Screen: 9
Xin Yi, PhD
The First Affiliated Hospital of Chongqing Medical University
Chongqing, Chongqing
Materials/
Methods: A total of 214 volumetric modulated arc therapy/VMAT plans for cervical cancer were selected. Systematic MLC positional errors were simulated across eighteen magnitudes ranging from ±0.2 to ±5 mm. Dose verification was conducted on 808 volumetric modulated arc therapy/VMAT plans, and a retrospective review was carried out. Firstly, six commonly used QA metrics in gamma and DVH analysis were extracted from the QA results of 196 error-free volumetric modulated arc therapy/VMAT plans. These QA metrics included GP10 (gamma passing rate at 3%/2mm, 10% dose threshold), GP50 (gamma passing rate at 3%/2mm, 50% dose threshold), µGI50 (mean gamma index at 3%/2mm, 50% dose threshold), PTV95 (dose received by 95% of PTV), PTV5 (dose received by 5% of PTV) and PTVmean (mean dose received by PTV). Statistical process control was used to establish the corresponding tolerance limits for each metric. Subsequently, six error curve models were created based on 360 error-introduced plans to record changes of QA metrics under different magnitudes of MLC positional error.
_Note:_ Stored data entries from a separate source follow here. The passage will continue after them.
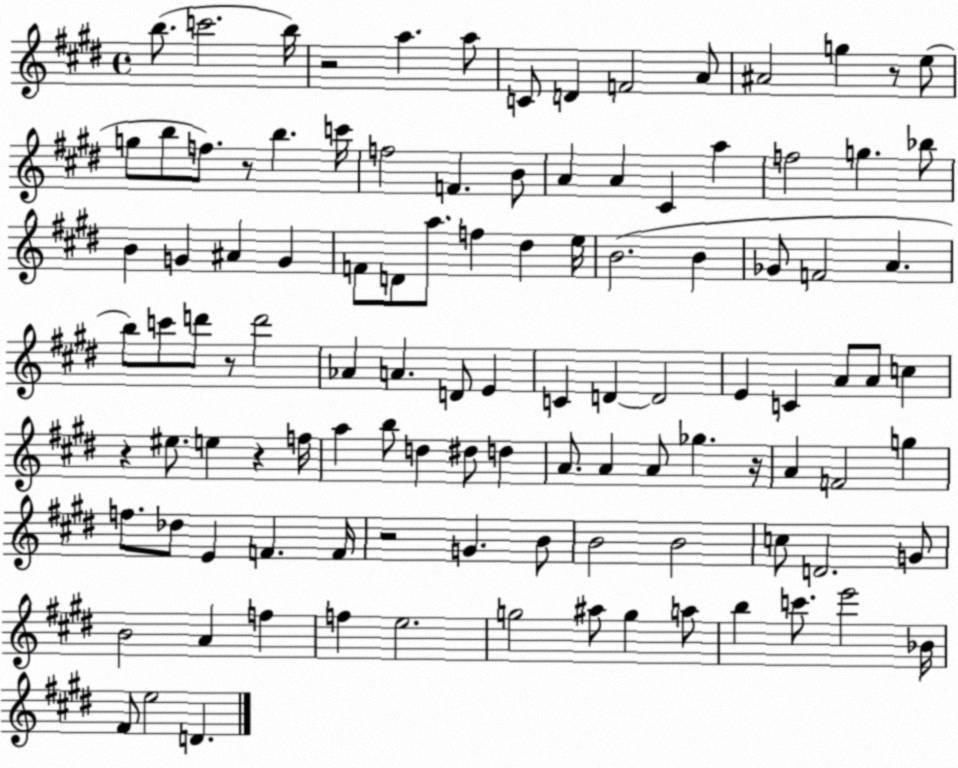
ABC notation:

X:1
T:Untitled
M:4/4
L:1/4
K:E
b/2 c'2 b/4 z2 a a/2 C/2 D F2 A/2 ^A2 g z/2 e/2 g/2 b/2 f/2 z/2 b c'/4 f2 F B/2 A A ^C a f2 g _b/2 B G ^A G F/2 D/2 a/2 f ^d e/4 B2 B _G/2 F2 A b/2 c'/2 d'/2 z/2 d'2 _A A D/2 E C D D2 E C A/2 A/2 c z ^e/2 e z f/4 a b/2 d ^d/2 d A/2 A A/2 _g z/4 A F2 g f/2 _d/2 E F F/4 z2 G B/2 B2 B2 c/2 D2 G/2 B2 A f f e2 g2 ^a/2 g a/2 b c'/2 e'2 _B/4 ^F/2 e2 D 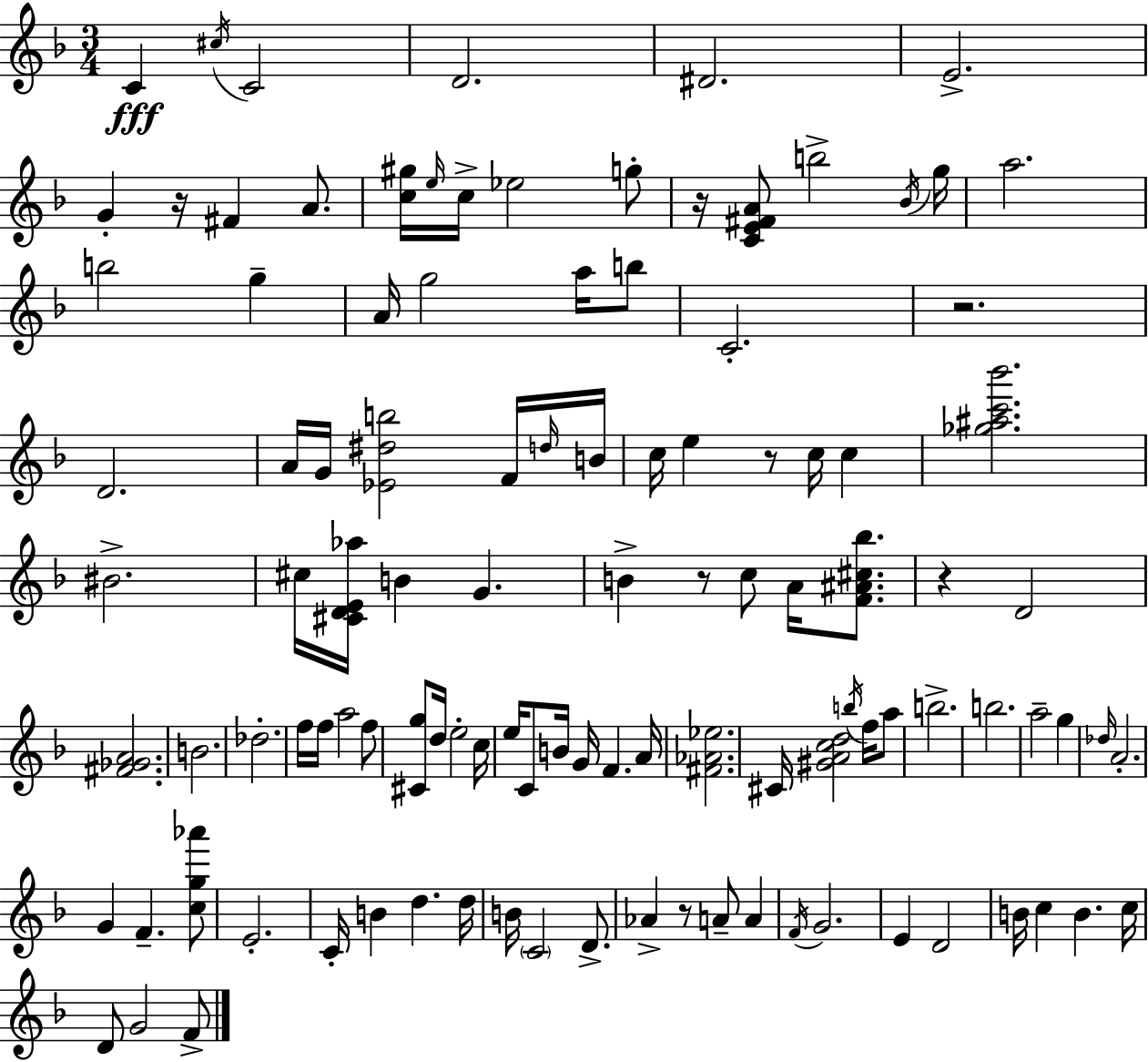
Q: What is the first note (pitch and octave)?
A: C4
The error range of theoretical detection limits for systematic MLC positional errors was investigated to assess error sensitivity quantitatively using the error curve model. Finally, the process-based tolerance limits of the six individual QA metrics and four hybrid QA metrics were validated by using the QA results of 252 test plans. The binary classification performance (error-free/error-introduced) was assessed based on error detection rate, accuracy, precision, recall, and f1-score.
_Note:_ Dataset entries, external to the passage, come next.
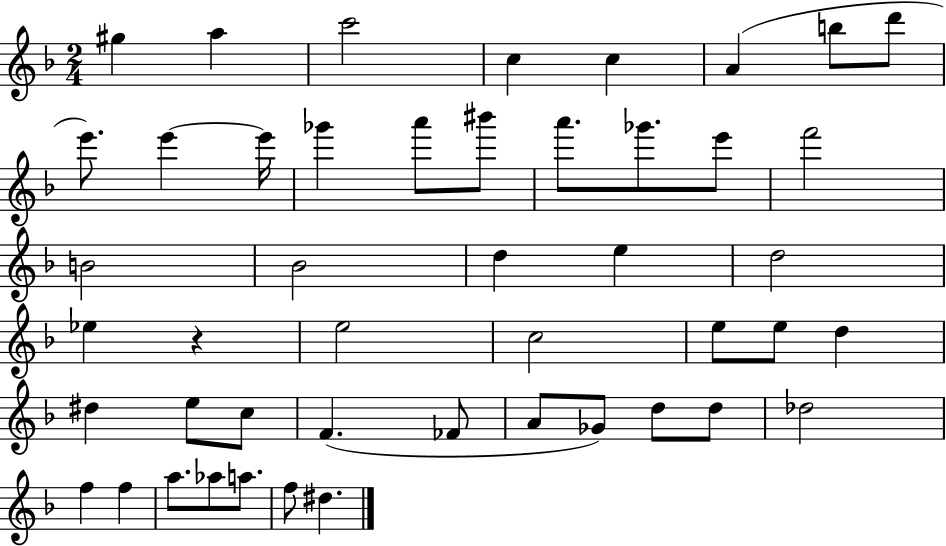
G#5/q A5/q C6/h C5/q C5/q A4/q B5/e D6/e E6/e. E6/q E6/s Gb6/q A6/e BIS6/e A6/e. Gb6/e. E6/e F6/h B4/h Bb4/h D5/q E5/q D5/h Eb5/q R/q E5/h C5/h E5/e E5/e D5/q D#5/q E5/e C5/e F4/q. FES4/e A4/e Gb4/e D5/e D5/e Db5/h F5/q F5/q A5/e. Ab5/e A5/e. F5/e D#5/q. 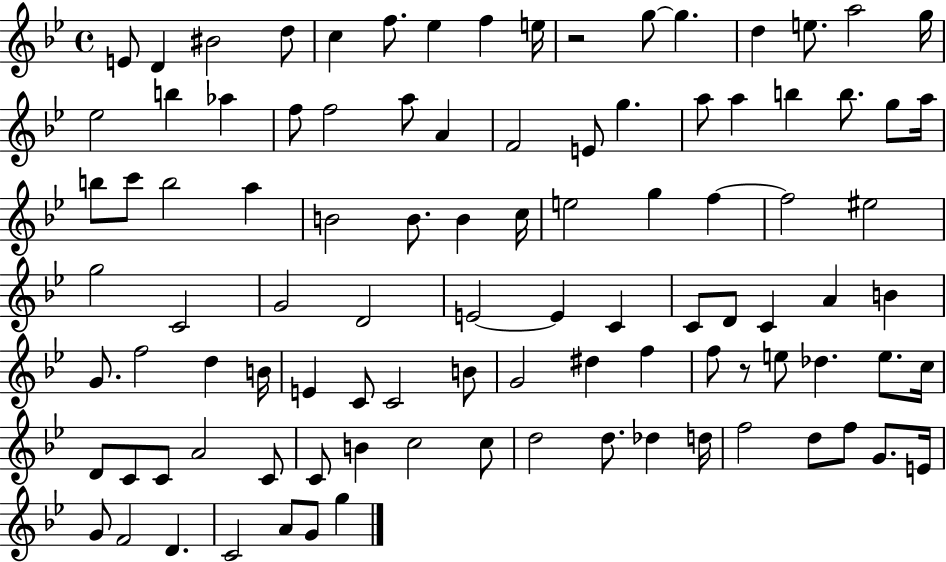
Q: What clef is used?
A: treble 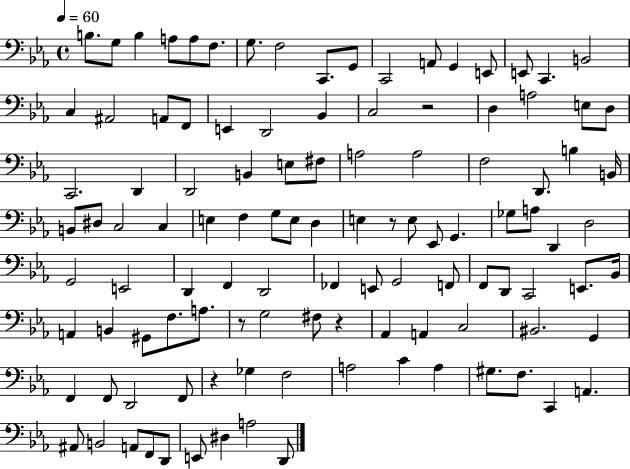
B3/e. G3/e B3/q A3/e A3/e F3/e. G3/e. F3/h C2/e. G2/e C2/h A2/e G2/q E2/e E2/e C2/q. B2/h C3/q A#2/h A2/e F2/e E2/q D2/h Bb2/q C3/h R/h D3/q A3/h E3/e D3/e C2/h. D2/q D2/h B2/q E3/e F#3/e A3/h A3/h F3/h D2/e. B3/q B2/s B2/e D#3/e C3/h C3/q E3/q F3/q G3/e E3/e D3/q E3/q R/e E3/e Eb2/e G2/q. Gb3/e A3/e D2/q D3/h G2/h E2/h D2/q F2/q D2/h FES2/q E2/e G2/h F2/e F2/e D2/e C2/h E2/e. Bb2/s A2/q B2/q G#2/e F3/e. A3/e. R/e G3/h F#3/e R/q Ab2/q A2/q C3/h BIS2/h. G2/q F2/q F2/e D2/h F2/e R/q Gb3/q F3/h A3/h C4/q A3/q G#3/e. F3/e. C2/q A2/q. A#2/e B2/h A2/e F2/e D2/e E2/e D#3/q A3/h D2/e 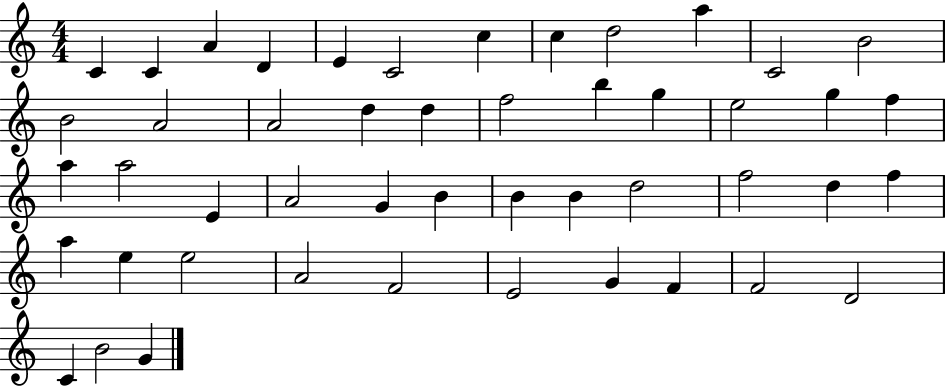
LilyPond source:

{
  \clef treble
  \numericTimeSignature
  \time 4/4
  \key c \major
  c'4 c'4 a'4 d'4 | e'4 c'2 c''4 | c''4 d''2 a''4 | c'2 b'2 | \break b'2 a'2 | a'2 d''4 d''4 | f''2 b''4 g''4 | e''2 g''4 f''4 | \break a''4 a''2 e'4 | a'2 g'4 b'4 | b'4 b'4 d''2 | f''2 d''4 f''4 | \break a''4 e''4 e''2 | a'2 f'2 | e'2 g'4 f'4 | f'2 d'2 | \break c'4 b'2 g'4 | \bar "|."
}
Results: The theoretical detection limits for process-based tolerance limits of GP10, GP50, µGI50, PTV95, PTVmean, and PTV5 were 2.19 mm, 2.71 mm, 3.52 mm, 1.93 mm, 3.20 mm, and 2.15 mm, respectively. In the validation phase, the process-based tolerance limits for PTV95 effectively identified systematic MLC positional errors exceeding 0.6 mm with an error detection rate of 76.19%, displaying superior performance in binary classification among individual evaluation metrics. Regarding the hybrid metrics, the joint evaluation of process-based tolerance limits for GP10 and PTV95 showed a higher error detection rate of 80.16% for systematic MLC positional errors exceeding 0.6 mm.
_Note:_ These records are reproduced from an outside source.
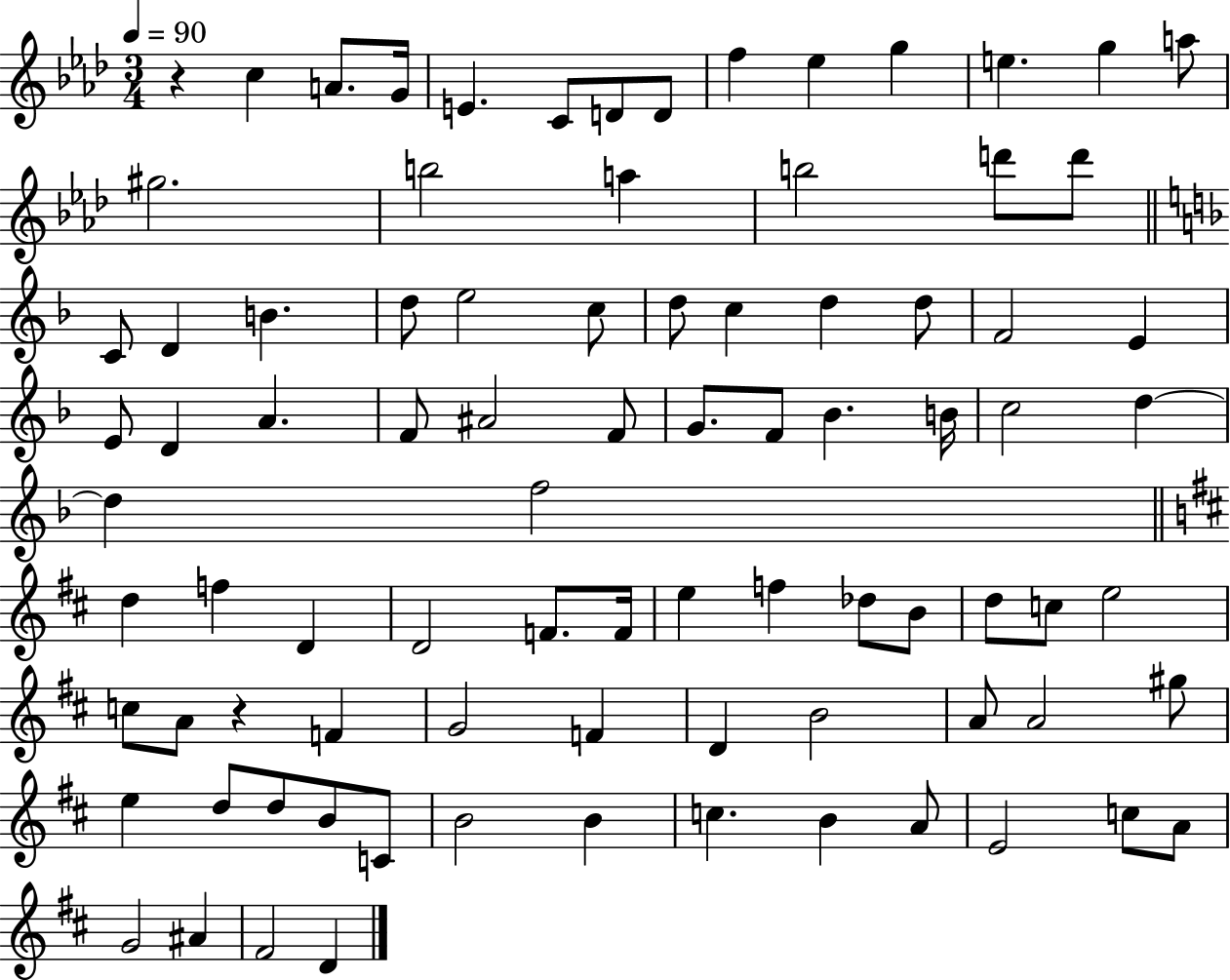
{
  \clef treble
  \numericTimeSignature
  \time 3/4
  \key aes \major
  \tempo 4 = 90
  r4 c''4 a'8. g'16 | e'4. c'8 d'8 d'8 | f''4 ees''4 g''4 | e''4. g''4 a''8 | \break gis''2. | b''2 a''4 | b''2 d'''8 d'''8 | \bar "||" \break \key f \major c'8 d'4 b'4. | d''8 e''2 c''8 | d''8 c''4 d''4 d''8 | f'2 e'4 | \break e'8 d'4 a'4. | f'8 ais'2 f'8 | g'8. f'8 bes'4. b'16 | c''2 d''4~~ | \break d''4 f''2 | \bar "||" \break \key d \major d''4 f''4 d'4 | d'2 f'8. f'16 | e''4 f''4 des''8 b'8 | d''8 c''8 e''2 | \break c''8 a'8 r4 f'4 | g'2 f'4 | d'4 b'2 | a'8 a'2 gis''8 | \break e''4 d''8 d''8 b'8 c'8 | b'2 b'4 | c''4. b'4 a'8 | e'2 c''8 a'8 | \break g'2 ais'4 | fis'2 d'4 | \bar "|."
}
Conclusion: The proposed workflow integrates the establishment and validation of local tolerance limits. It dose not only provide a practical tool for setting local tolerance limits based on actual clinical scenarios but also provides a quantitative method for medical physicists to understand the error sensitivity of the selected local tolerance limits.